I've tried not to change anything beyond the typography, but it's tricky to get perfect. It's on GitHub, so feel free to chip in.
edit: Found the original at http://hall.org.ua/halls/wizzard/pdf/vaughan.pratt.tdop.pdf and your repo at https://github.com/tdop/tdop.github.io. Am reading the paper now, it's not one that I'd read before so thanks for posting it, and will send a pull request with suggested fixes when I'm done.
If I'm not mistaken, this article describes the same thing, and it was far easier to read:
(My Pratt is smaller than my precedence-climbing here because I ended up actually using the latter, so it got some extras added.)
ps: while searching for Wlaschin talk I stumbled upon that https://www.google.com/search?q=monad+railway+equipment #rimshot
As well as his accompanying talk, titled Syntaxation: https://www.youtube.com/watch?v=9e_oEE72d3U (sadly, the recording has gaps and is generally horrible; as far as I know he gave the talk only once).
Crockford's talk led me to the original paper and together they really expanded my horizon on how to make maintainable parsing engines. Thanks for putting in the effort and making it more accessible!
 There's a crowdfunding to help pay for some lambda talks, it was around 15k. I don't know the details though, if it's for many days in many rooms
To make the most of the capabilities of HTML, I would have made citations hoverable, so a tooltip can show the reference next to it without the need to go to the bottom.
Still never really felt like I deeply understood it. I think there was some intuitive leap I just wasn't making. A lot of it had to do with the choice of left/right binding powers, and loop that does the comparison and chooses whether to keep extending or to "dive down" into a new sub-tree.
Perhaps if there was a slightly different formulation, or something that was just a plain obvious description or methodology for getting the numbers right I would finally get it.
Even if you have alternatives, there are still situations in which you might want to use a Pratt parser.

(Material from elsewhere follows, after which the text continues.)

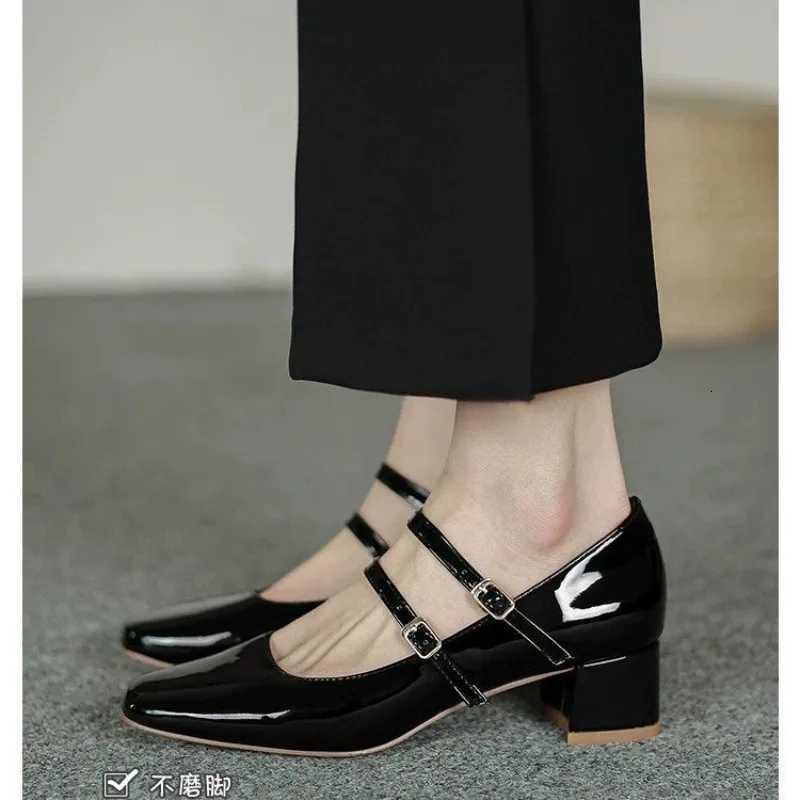Spring Autumn Women Double Buckle Mary Janes Shoes Patent Leather Dress Square Head Square Heel Solid Color Womens Pumps W250814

It's much easier to understand the internals of this kind of parser than understand the shift/reduce rules of an LL(k) grammar, and Pratt parsers have the nice property that you can easily modify them at runtime, making it easy to switch to alternate grammars in particular contexts—e.g., directly parsing SQL within particular delimiters is a pretty trivial task that is somewhat more difficult with a BNF-style grammar.
EDIT: Actually, a better final example would be user-defined operators with arbitrary precedence and branching. There is no way of expressing this directly in a BNF-style grammar, but it is trivial with a Pratt parser.